Based on this report, the government is to draw up, by the end of November, a new National Defense Program Outline setting guidelines for the next midterm defense-buildup plan. In formulating the new outline, however, the government must pay due respect to the pacifist principles of the Constitution, which renounces the threat or use of force as a means of settling international disputes.
The report begins by stating, correctly, that security in the 21st century acquired a new dimension on Sept. 11, 2001, when attacks by “nonstate terrorists” on U.S. symbols of power debunked the traditional notion that threats to national security came only from states. In the post-9/11 world, the assumption is that states face serious threats from “nonstate entities” such as terrorist groups.
Still, the report raises deep concerns for two reasons. The first is that it calls for a change to the traditional concept of “basic defense capability,” or maintaining the minimum defense force necessary to counter localized, small-scale attacks. This concept has defined the nation’s security policy since 1976 when the first National Defense Program Outline was adopted.
In other words, the basic idea is that Japan must be prepared for all kinds of security threats. This general but limited approach to national defense has curbed efforts for a major buildup and thus avoided creating unnecessary tensions with neighboring countries. Although the policy of meeting “state threats” was the product of detente in the Cold War era, there seems to be no compelling reason now to abandon it entirely.
In fact, the report, while playing down the need for the conventional approach, says the concept of basic defense capability should be kept intact wherever it is useful. At the same time, however, it says the SDF should be developed into a “multifunctional, flexible defense force” so that it can deal with a variety of threats, not just threats from sovereign states.
A second cause for concern is that the SDF’s growing international role is emphasized, raising constitutional questions. Participation in U.N. peacekeeping operations and other “peace cooperation activities” is currently defined as auxiliary duty. The report, however, identifies them as a primary duty, saying current ad hoc legislation authorizing SDF dispatches abroad should be made permanent.
Peace cooperation activities have increased both in scale and scope since the early 1990s. The fact remains, though, that the SDF is constitutionally prohibited from using force except for self-defense. For this reason, many Japanese are skeptical about the legality of sending SDF troops on missions that might put them in harm’s way. Yet the report proposes a study of whether to expand the scope of deployment to include policing activities, in addition to humanitarian and reconstruction work, and logistic support.

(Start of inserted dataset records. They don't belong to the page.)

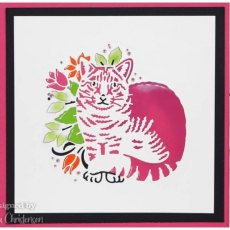 Creative Expressions Paper Cuts Purr-fect Day Craft Die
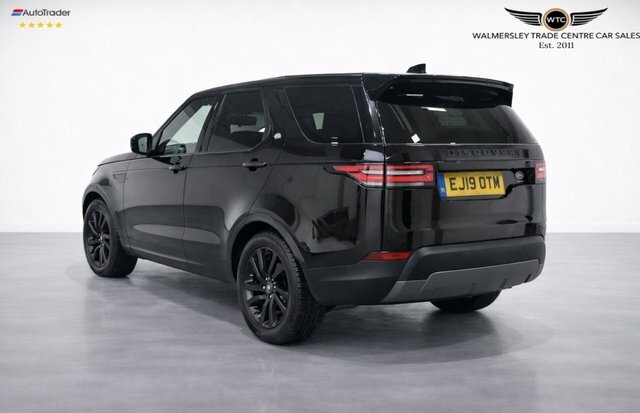 Land Rover Discovery Sd4 Hse Suv EJ19OTM Black #5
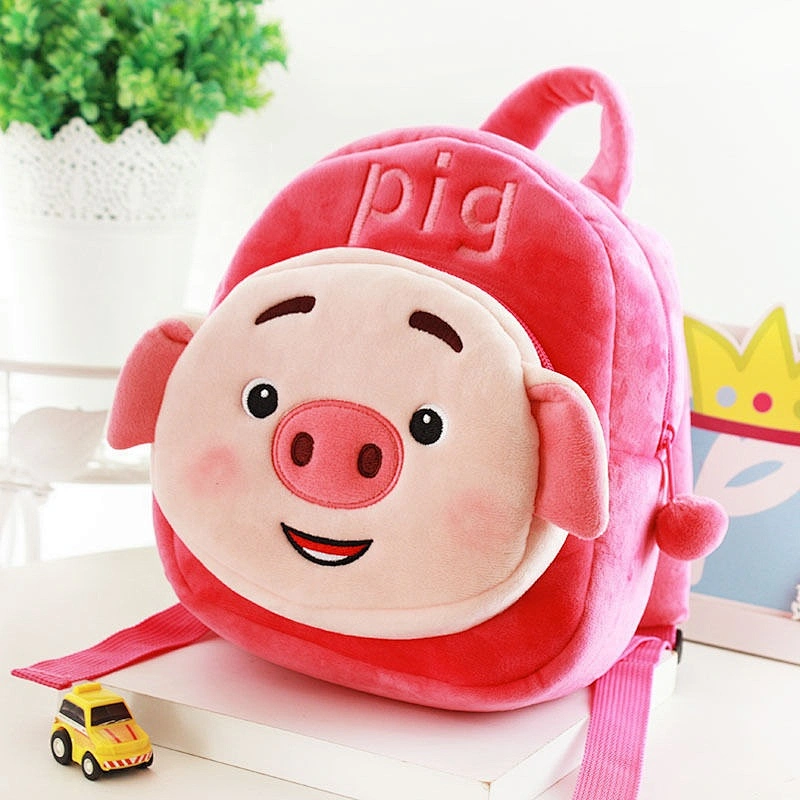 China factory directly supply Wholesale Baby Kids Animal Cartoon school bag Cheap Cute backpack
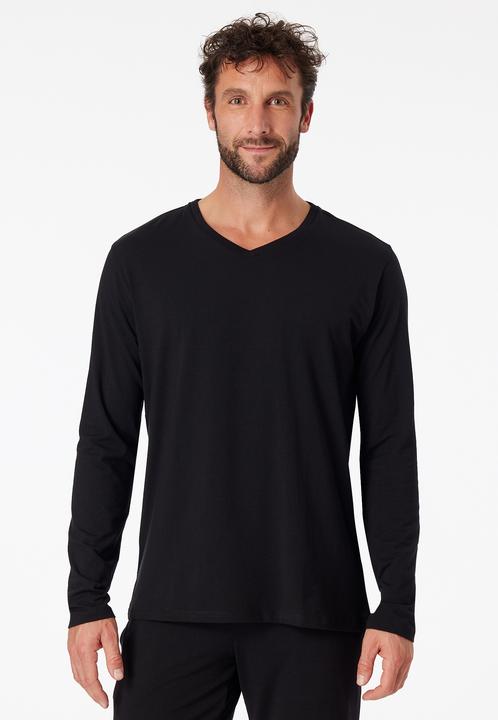 Actual product image Schiesser Relax long-sleeved modal shirt (48)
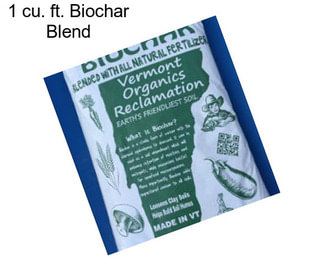 1 cu. ft. Biochar Blend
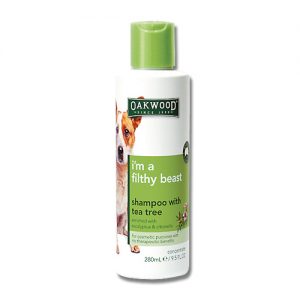 Pet Shampoo Tea Tree Oil 280mL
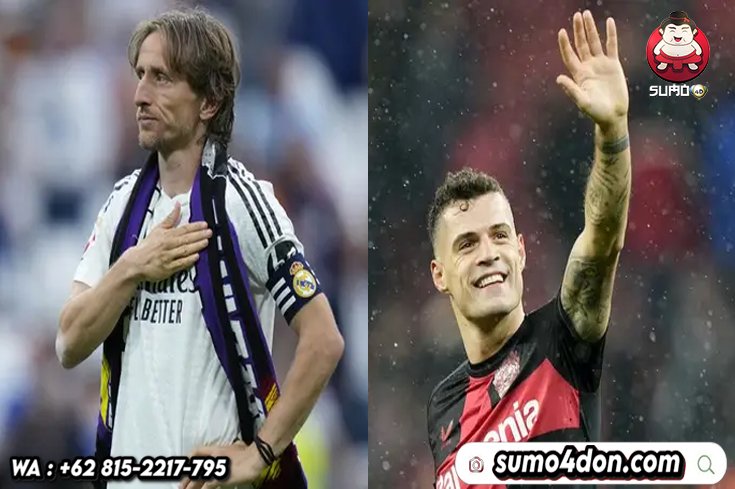 Luka Modric: Maestro Abadi dari Madrid dan Granit Xhaka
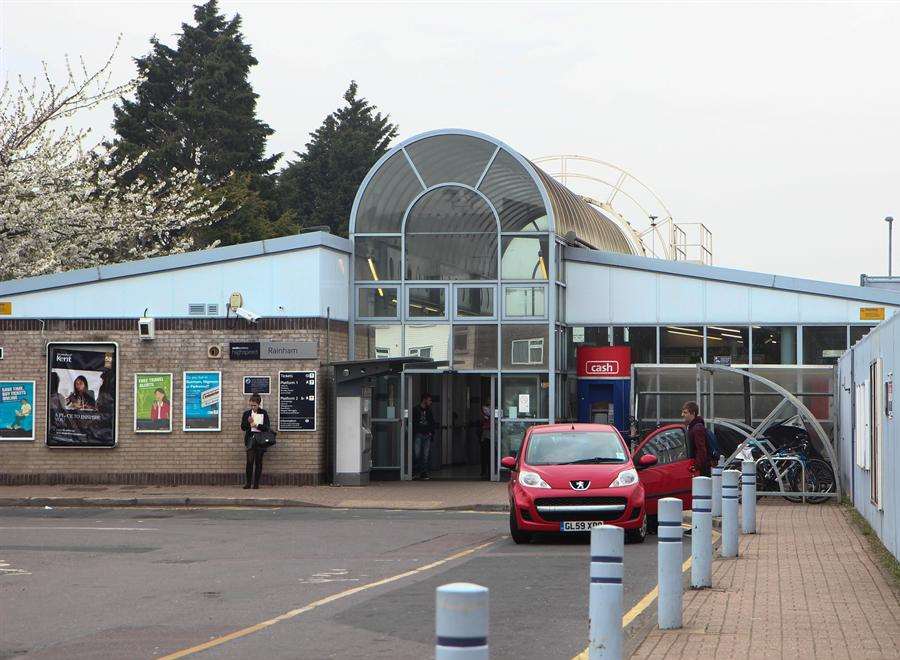 Rainham station improvements have been met with anger by local residents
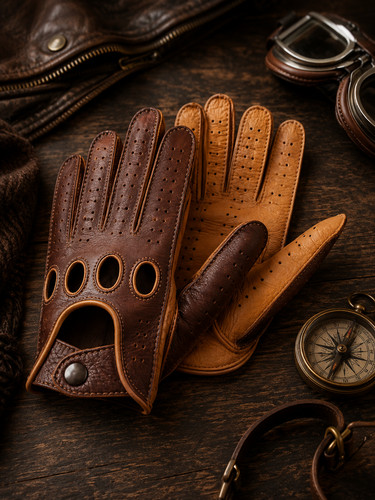 Autohandschuhe leder herren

As might be expected, the common thread running through the report is a policy of bolstering the Japan-U.S. alliance. This is clear from the proposals to ease the arms export ban for promoting a joint missile-defense program and to create a “rapid decision-making mechanism” that will make a Cabinet decision unnecessary for intercepting hostile missiles. Cooperation with America is important, but not unlimited.
In effect, the report endorses the policy being pursued by Mr. Koizumi and his closest ally, U.S. President George W. Bush. The reality on the ground, however, is not encouraging. The world, Japan included, is not safer despite, or rather because of, the military-first U.S. campaign against terrorism. Mr. Koizumi’s staunch support for Bush has caused more anxiety than a sense of security among the Japanese people.
It is reassuring, though, that the report also expresses doubt about the usefulness of military force. In its closing chapter, it says: “Looking at the frequent acts of terrorism, we cannot but feel that there are limits to hard power”; and “It may be difficult to resolve complex ethnic conflicts and religious strifes, as well as various inequalities, through confrontation with force.”
We could not agree more. Indeed, contributing to regional and global stability through “soft power” — diplomatic efforts and economic cooperation in particular — is a fitting goal for Japanese security policy in the 21st century.